もし周りを見渡すだけでさっと見つけられていたら不快感はゼロではないにしろ、1時間探した時より小さかっただろう。1時間には自分の時間と探すという労働を犠牲にしているという自覚が芽生えている。
この偽善の対義語として仏教としての喜捨を挙げる。喜捨は相手のことを思ってするのではなく、自分は必要ないからあなたが欲しがっているならあげるよというものである。自分が満たされている状態だったら偽善ではなくて喜捨となる。善意としてすることは感謝の言葉さえも求めなくてもいいという状態なのだ。
ギリシャに旅行しているときに、移民と思われる物乞いをしている家族が地べたに座っていた。その前を通ったとき、私は手に食べきれなかったほうれんそうのキッシュを持っていた(切れてあるので食べ掛けではない)。もう食べないだろうなと思ったから、その母親らしき人に渡した。ありがとう的なことを言っているだろうが、何語かわからなかった。まあそれっぽいことを言っているんだろう。その場を去って、ぱっと振り返ったときに母親は子供にそのキッシュを渡していた。子供は袋の中身を見てぽいっと捨てていた。緑色がおいしくなさそうに見えたんだろうな。あまりにも呆気なく横たわる紙袋にあーあとは思ったが、子供の素直さに吹いてしまった。そしてまあいっかと他の目的地に向かった。この行為は喜捨に当たるものだったんだろうなと思う。

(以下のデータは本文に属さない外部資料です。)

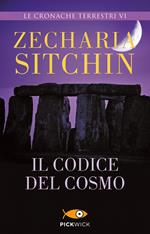 Il codice del cosmo. Le cronache terrestri. Vol. 6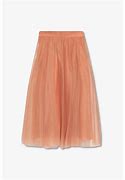 Image result for Taupe Pink Tulle Skirt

ギリシャの時は余裕があり、府の感情はたまたま生まれなかったが、また自分が誰かに施すとき、見返りを求めてしまったとき、よろしくないなと自分を戒めたい。
感謝をないがしろに捉えているわけではない。あくまで人のためにすることをしている当事者の話である。逆を取れば、誰かがしてくれた好意に対して感謝を示していればその相手は満たされるため良いと思う。そのため他人から何か受け取ると感謝は常にした方がいい。
精神学者フロムは赤ちゃんは欲望のままにいて「未熟な愛状態」であるが人は成長によって愛が成熟していく。年とともにある程度は成熟するかもしれないが、その度合いはその人自身の意識の持ちようによるだろう。
聖人君主・悟りを開いた人じゃないとそんな風に考えられないんじゃないかとの反論があるかもしれない。欲望がない境地で他人に愛を与えるところを目標にすると気後れになってしまう。素晴らしい地点を境界線で自分を区切ってしまうと自信の成長に見切りをつけるためしたくない。自分が愛を与えられるような成熟した人になるには自分をまず満たすことが必要だ。できることから少しだけでも。余分な部分から、余裕から愛が生まれる。